Tech-driven innovation is vastly different than how most firms operate today, but it will soon be table stakes in a fast-moving and uncompromising market.

The success of a business is now in great part determined by its ability to exploit technology to its highest potential, reports Forrester.




This reality is bringing about a very different future for the IT organisation where technology-driven innovation will be a core competency.

In its latest report on the changing role of IT, Forrester points out technology-driven innovation is vastly different than how most firms operate today, but it will soon be “table stakes in a fast-moving and uncompromising market”.

This environment will underscore the importance of technology — and thus, IT, says Forrester, but will also call for an environment in which the boundaries between IT and the overall business will fade.

The report says the need to be customer-led will continue but powerful forces will compel IT to take on a bigger role.
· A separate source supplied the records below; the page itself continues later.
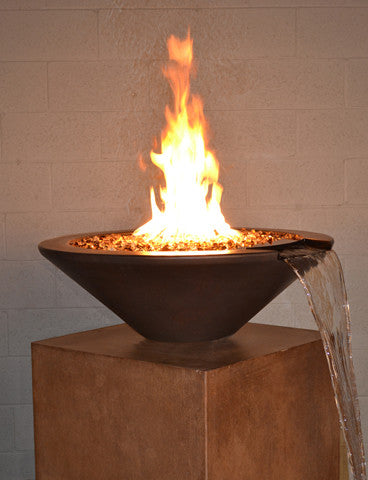 Fire by Design® Geo Round "Essex" GFRC Fire Bowl Kit
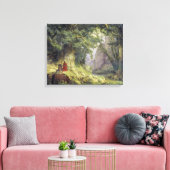 Der tausendjährige Eichenbaum (von Karl Lessing) Leinwanddruck (Insitu (Wohnzimmer))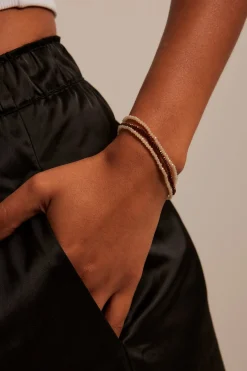 Humble + Heart Bronze Beaded Set Of 3 Bracelets
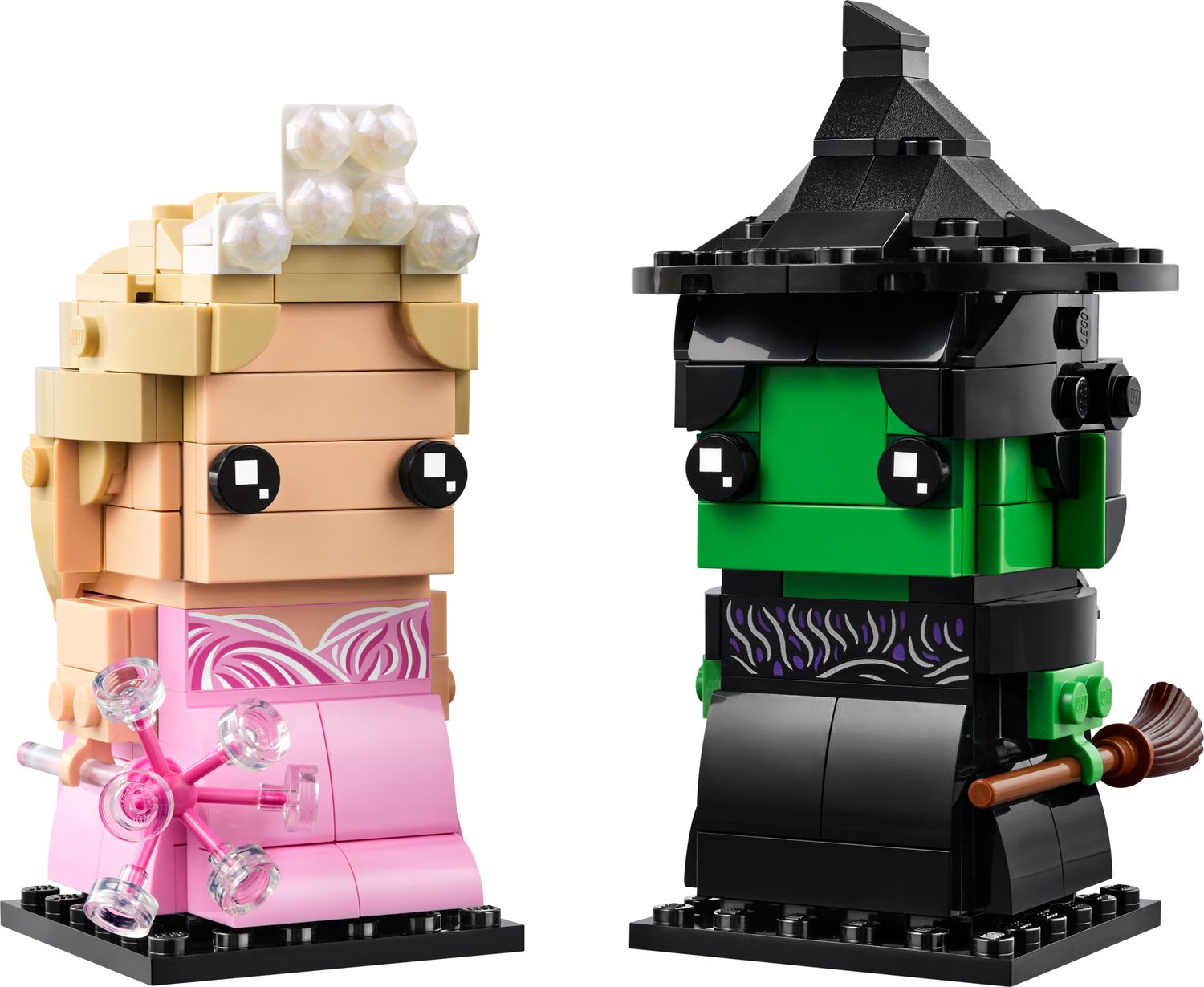 LEGO Elphaba and Glinda Figures BrickHeadz 325-piece - British product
And this, it says, is to ensure technology creates new possibilities and capabilities that shape and guide strategy and operations.

Business leaders will move into an immersive partnership with IT, creating teams with members who bring IT technology skills and business instincts on capitalising on existing and emerging technologies.
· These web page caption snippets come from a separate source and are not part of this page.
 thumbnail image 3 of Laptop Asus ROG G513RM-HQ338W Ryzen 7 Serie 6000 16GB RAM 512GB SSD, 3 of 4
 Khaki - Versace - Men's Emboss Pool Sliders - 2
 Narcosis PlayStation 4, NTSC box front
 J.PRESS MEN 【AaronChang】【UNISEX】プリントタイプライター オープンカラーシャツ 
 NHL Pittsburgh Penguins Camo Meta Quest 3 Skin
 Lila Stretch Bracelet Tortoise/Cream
Forrester says one of the main changes for IT is that that it will follow the path of matrixed shapeshifting organisations that form and morph based on changing priorities.
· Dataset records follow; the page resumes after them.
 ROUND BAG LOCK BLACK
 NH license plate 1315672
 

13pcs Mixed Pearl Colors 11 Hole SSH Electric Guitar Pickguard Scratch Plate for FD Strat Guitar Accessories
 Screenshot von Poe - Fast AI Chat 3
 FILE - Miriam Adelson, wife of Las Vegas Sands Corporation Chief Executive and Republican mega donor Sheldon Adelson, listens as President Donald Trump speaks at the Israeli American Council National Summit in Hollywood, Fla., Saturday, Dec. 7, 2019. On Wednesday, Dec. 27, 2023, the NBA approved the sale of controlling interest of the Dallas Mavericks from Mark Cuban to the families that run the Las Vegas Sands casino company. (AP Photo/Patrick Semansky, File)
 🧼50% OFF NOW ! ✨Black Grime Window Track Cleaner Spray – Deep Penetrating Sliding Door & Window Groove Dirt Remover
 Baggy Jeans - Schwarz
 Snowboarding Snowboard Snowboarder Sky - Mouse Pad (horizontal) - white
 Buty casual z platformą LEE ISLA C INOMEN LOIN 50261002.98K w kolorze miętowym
This means IT will not be a standalone functional organisation — nor will it be a fully decentralised competency that cascades expertise, capabilities, and tools into the broader organisation.

Instead, says Forrester, IT will be deeply federated with a central control framework.

The teams will be task-focused, not job-focused, says Forrester. They will have diverse skills, some owned and others on contract (part of the ‘gig economy’). They will form to work on a specific initiative and dissolve as those needs expire.

Many IT organisations will also set up emerging technology assessment capabilities that operate like a venture capitalist. They will be tasked, among others, with discovering, analysing, and recommending action for acquisitions, joint ventures and ecosystem partners.

As Sharyn Leaver, senior vice president of research at Forrester, notes in a podcast on the future of IT, “If you are not investing in future technologies, you are automatically saying you are not caring about the future.”

The CIO, meanwhile, will shift from a support function to a central figure in what the company does; from caretaker to disruptor and technocrat to business visionary.

The CIO will be “the adult in the room” who has the necessary control frameworks to deal with data privacy, security, business continuity, the API and connectedness and cloud support required, says Craig Le Clair, vice president and principal analyst at Forrester.